┏━━
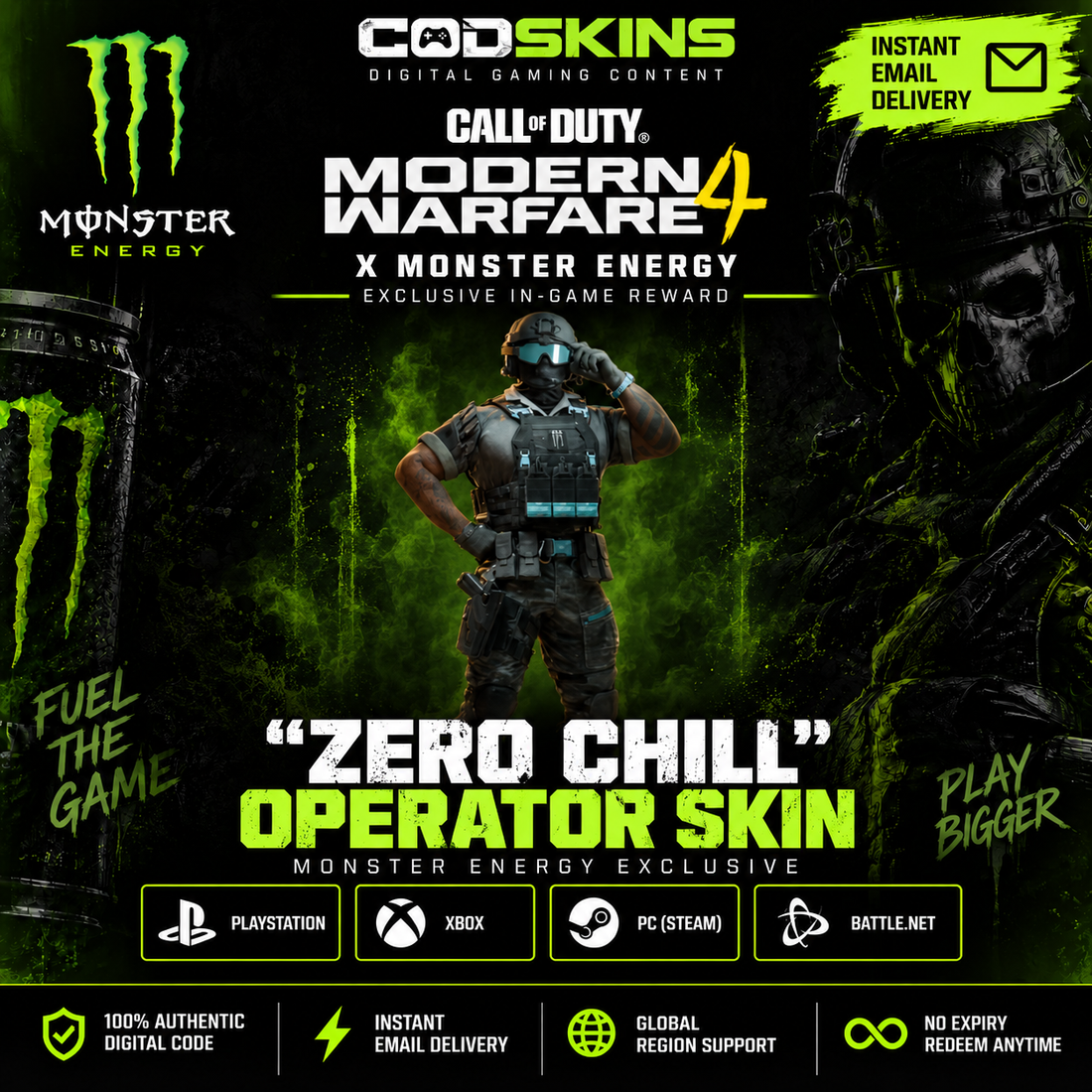 Call of Duty Modern Warfare 4 Monster Energy Zero Chill Operator Skin digital code reward – exclusive in-game cosmetic from CODSKINS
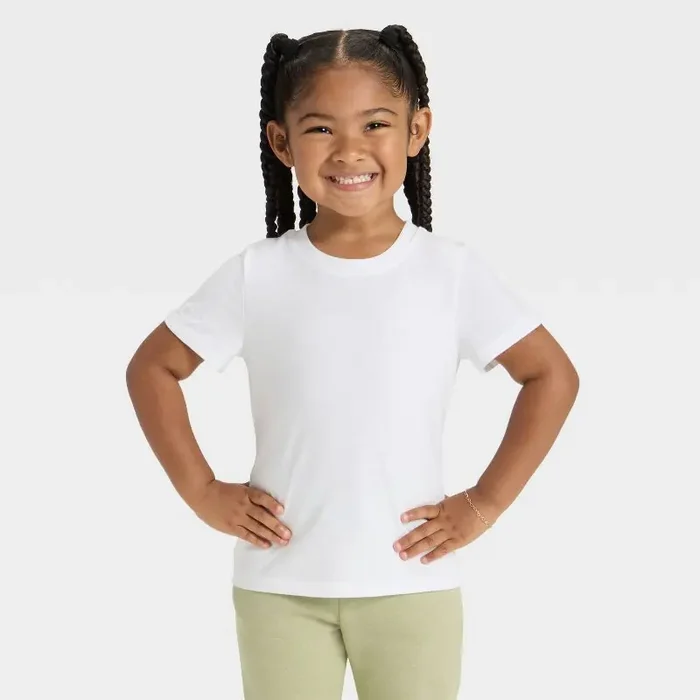 Toddler Girls‘ Short Sleeve Solid T-Shirt – Cat & Jack™ White 12M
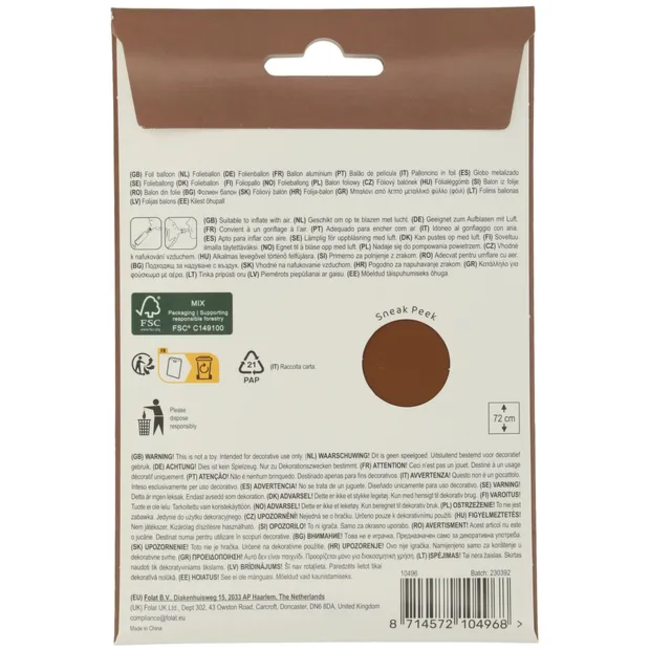 Staande Folieballon Cijfer 6 - Chocolade Bruin - Ultra Matt - 72 cm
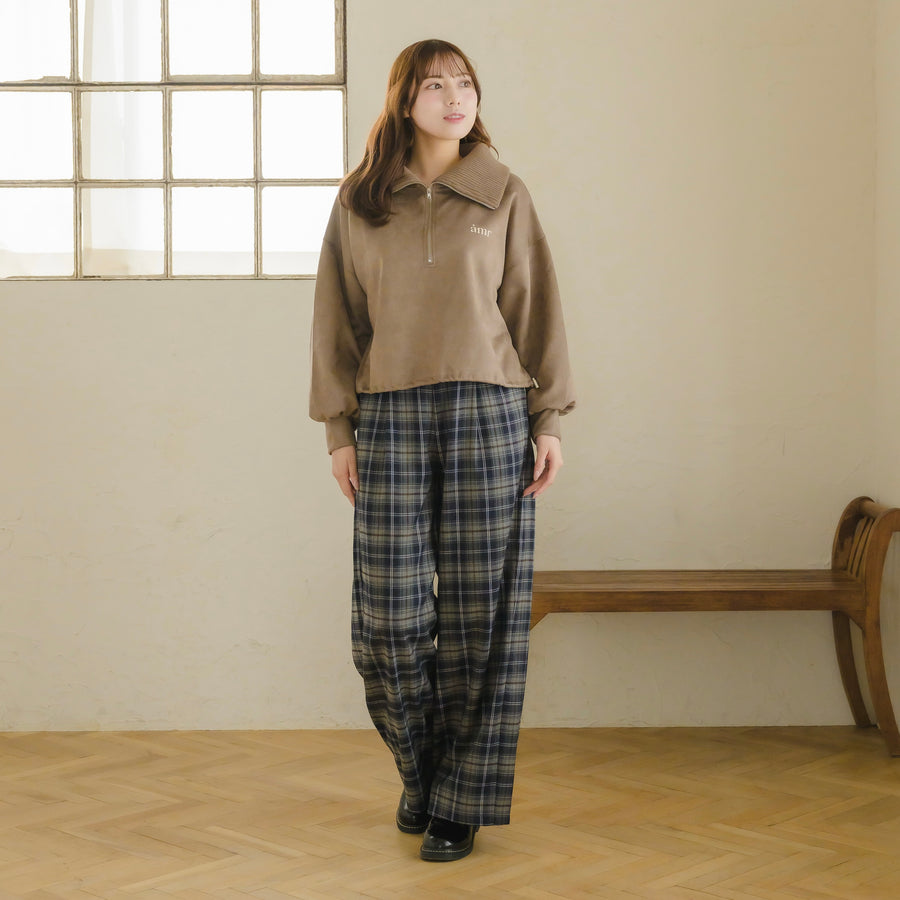 チェックストレートパンツ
┗━━
Would you give again exactly the lines from the line containing "Staande Folieballon Cijfer" through the end of the listing, both ends included, without any pictures?

 Staande Folieballon Cijfer 6 - Chocolade Bruin - Ultra Matt - 72 cm
 チェックストレートパンツ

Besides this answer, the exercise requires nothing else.